# Starting Vista DNS socketx.ocx error 'SocketXCtl'



## ricy (Jun 25, 2007)

Hello everyone,Can somebody help me how I can solve the following problem:When windows Vista is starting up and on the moment that Vista is building up the desktop icons I get following error message window#Begin of error message#DNS Failed to load control 'SocketXCtl' from socketx.ocx.
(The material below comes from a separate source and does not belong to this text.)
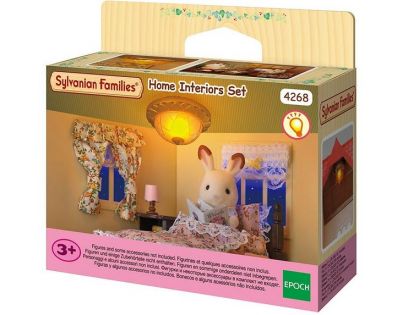 Sylvanian Families 4268 Interiérový set so svetlom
Your version of socket.ocx may be outdated.Make sure you are using the version of the control that was provided with your application.  #END Of Error Message#Neither I see the clock in my Sidbar at the right side of vista's desktop !Thx,Ricy.


----------



## spironox (Jun 26, 2007)

see if u can update the pc and hey did u upgrade from any old version of windows


----------



## attadaved (Apr 25, 2008)

Check this out... www.dnsenquiry.com to get information about ip etc.


----------



## BBThumbHealer (Apr 25, 2008)

go to msconfig < startup and uncheck the .ocx file .. apply and restart ... i think ur problem wud get solved ! .. i experienced the same before and solved it liked this only


----------



## BBThumbHealer (Apr 27, 2008)

Sry for bumping ... but this ordinary thread has got 4700 views .. oh


----------